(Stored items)
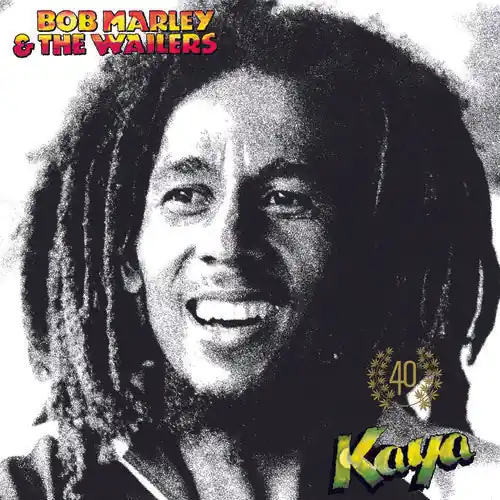Bob Marley & The Wailers - Kaya 40 (2LP)– Josey Records New Release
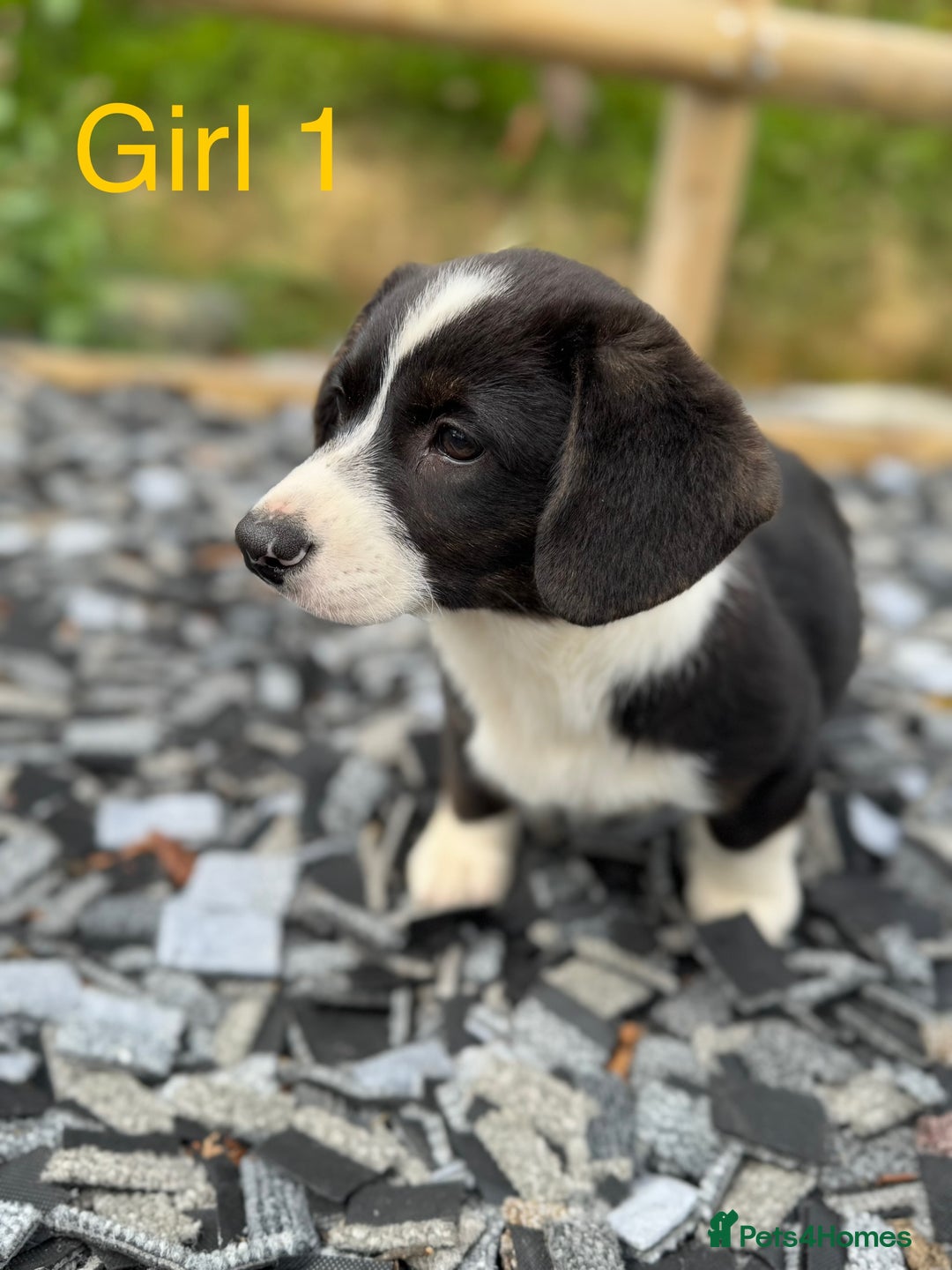 Welsh Corgi Cardigan dogs for sale: Welsh Cardigan Corgi Puppies  - Image 8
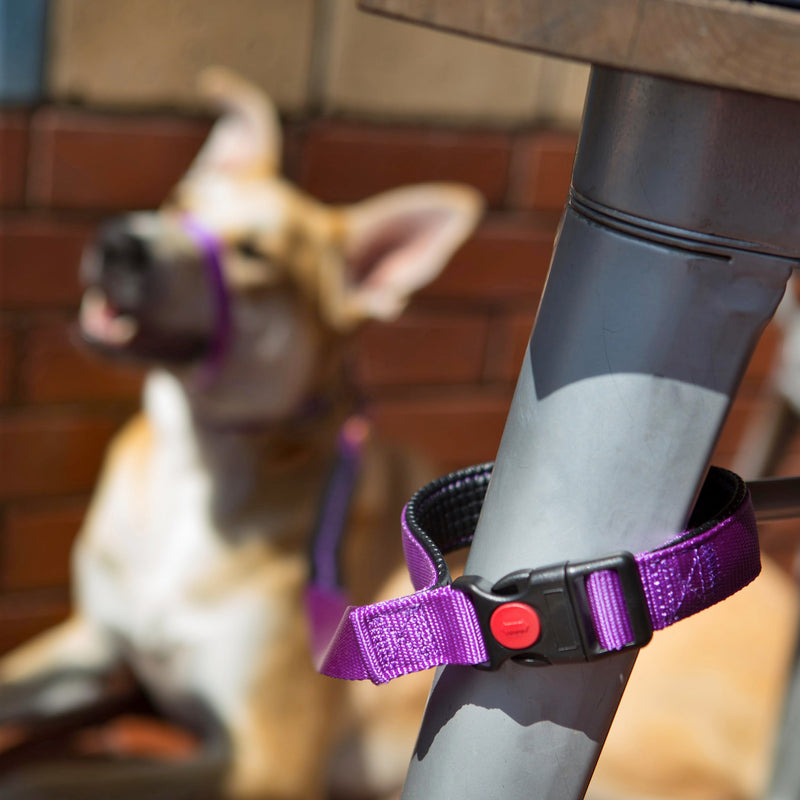 Canny Connect Dog Lead Lead with Soft Padded Handles, Padded Grip and A Secure Clip, Secure Your Dog Without Needing to Remove The Lead - Purple M/L - 25mm wide (1"), 120cm length (4ft) - BeesActive Australia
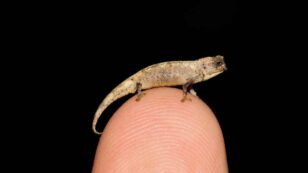 New Chameleon Species May Be World’s Smallest Reptile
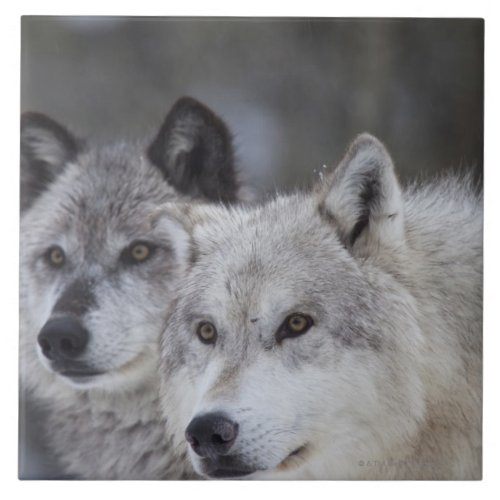 Wolves Canus lupus from West Yellowstone This Ceramic Tile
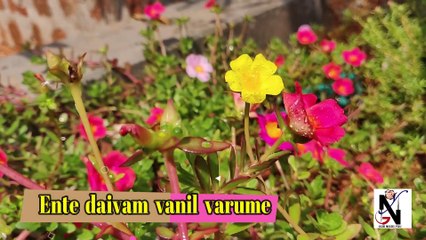 Ente Daivam Vanil Varume.. Old Malayalam Christian Song... എന്റെ ദൈവം വാനിൽ വരുമെ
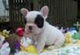 0100bulldog frances - Foto 1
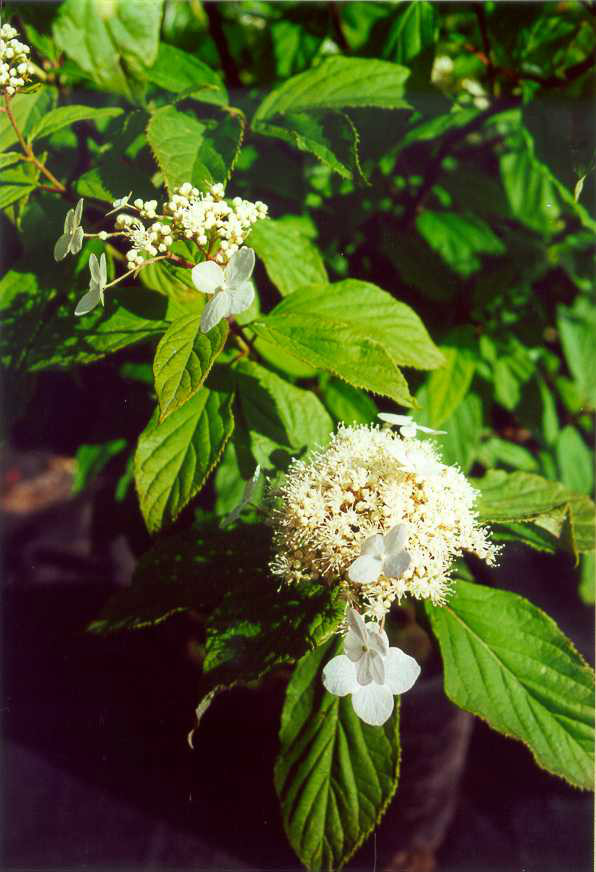  p>东陵绣球(学名: i>hydrangea bretschneideri /i>  dipp)为 a href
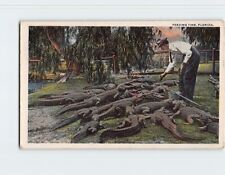 Postcard Man Feeding Alligators Feeding Time in Florida USA picture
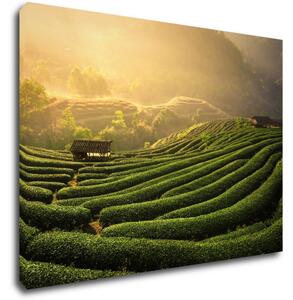 Impresi Tablou Sunrise On The Tea Plantation - 70 x 50 cm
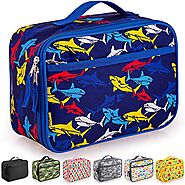 Zulay Insulated Lunch Bag [Sharks]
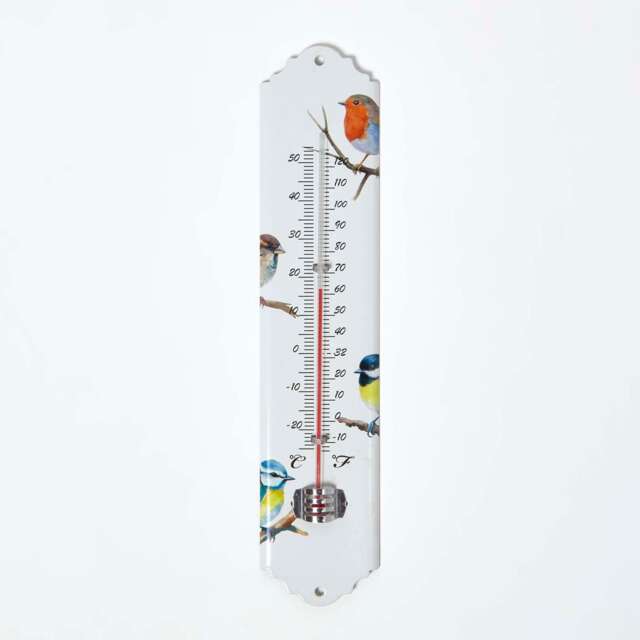 Homescapes Outdoor Thermometer with Bird Design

WHAT THE EXERCISE ASKS: Your task is to repeat, word for word and with no picture, every line from the one that contains "Zulay Insulated Lunch Bag [Sharks]" through the last line of the data.

EXPECTED ANSWER:
 Zulay Insulated Lunch Bag [Sharks]
 Homescapes Outdoor Thermometer with Bird Design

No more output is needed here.